Feeling like I was out on a limb (and remember, this was almost 2 weeks before a group of major progressive pundits belatedly started writing about the trend), I asked a friend out here in Denver who works with a company called Trendrr to officially track whether my prediction was right - and you can see from the results above, it was - more so than I ever expected.
As the graph shows, the use of the exact term "center-right nation" spiked immediately after election day (point "0" is the day my column published, point "1" is election day).
While it's true - this trend study doesn't tell us how many of the "center-right nation" references are saying this is "not a center-right nation." But a look through Lexis-Nexis shows it's safe to assume that the vast majority of these references are asserting this is a "center-right nation."

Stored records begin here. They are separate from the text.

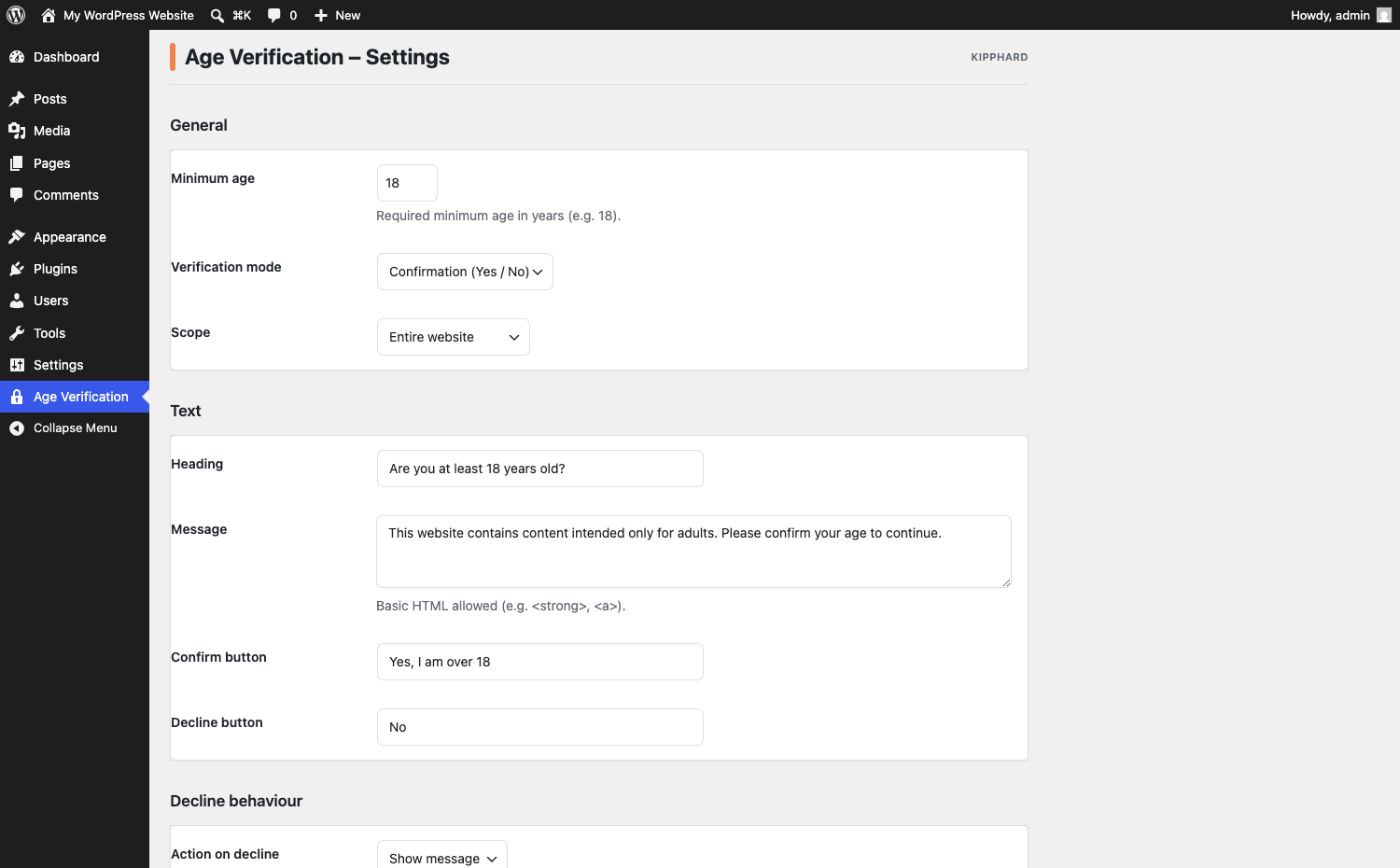 The admin settings page: scope, verification mode, text, design, and cookie duration.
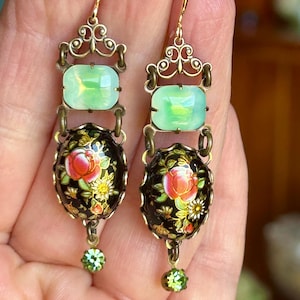 Filigree Dangle Earrings, Green Opaline Glass, Black Floral Lucite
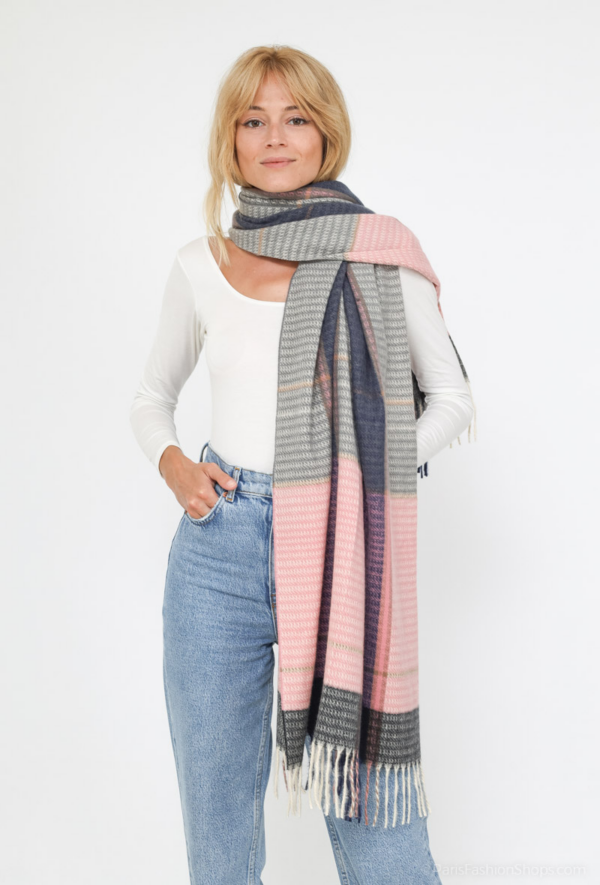 sjaal, viscose licht roos
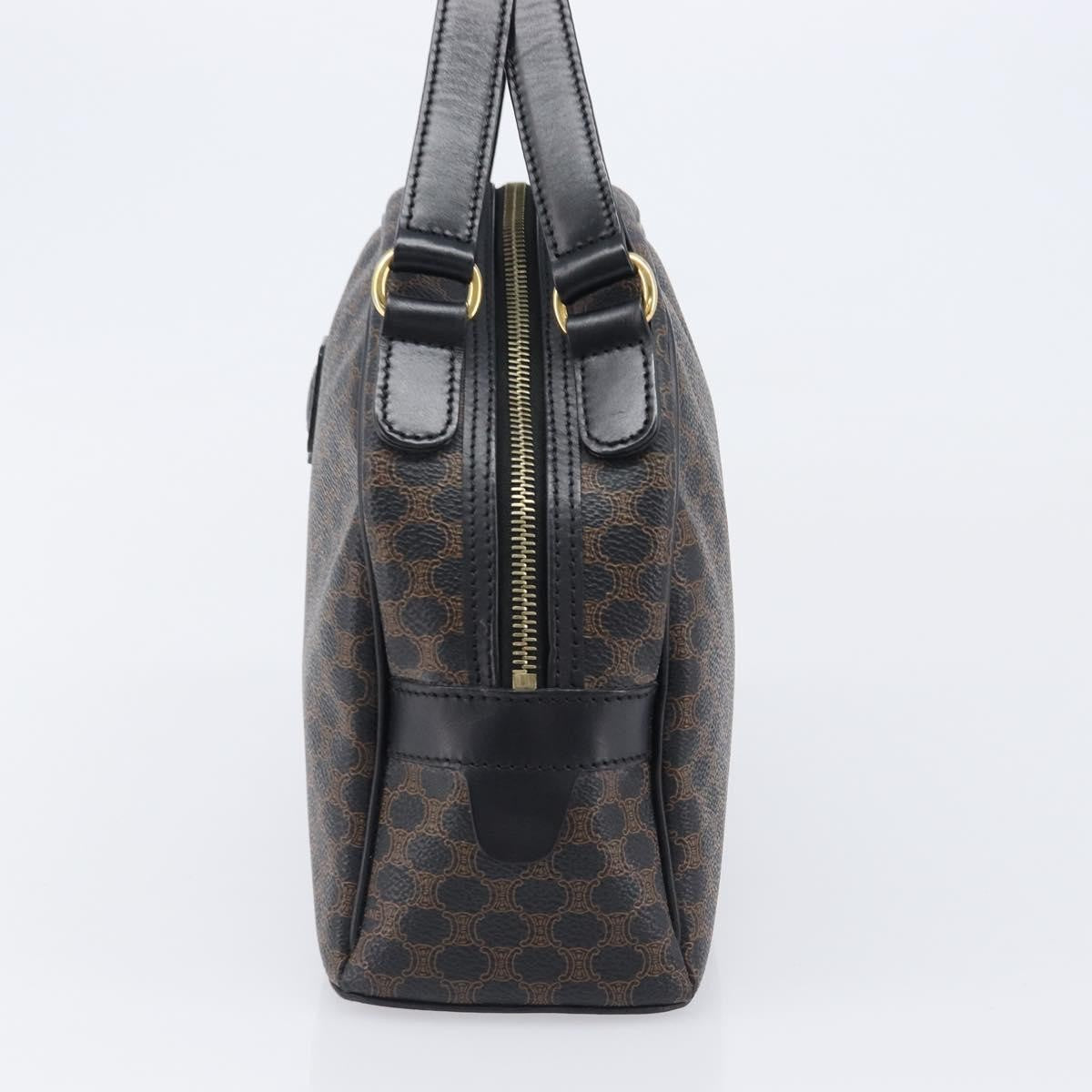 Celine Top Handle Leather Black Pvc Handbag (Pre-Owned)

It is easy—for some, even tempting—to detect the dawn of a new progressive era in the autumn of Barack Obama's campaign for the presidency ... But history, as John Adams once said of facts, is a stubborn thing, and it tells us that Democratic presidents from FDR to JFK to LBJ to Carter to Clinton usually wind up moving farther right than they thought they ever would, or they pay for their continued liberalism at the polls. Should Obama win, he will have to govern a nation that is more instinctively conservative than it is liberal—a perennial reality that past Democratic presidents have ignored at their peril. A party founded by Andrew Jackson on the principle that "the majority is to govern" has long found itself flummoxed by the failure of that majority to see the virtues of the Democrats and the vices of the Republicans.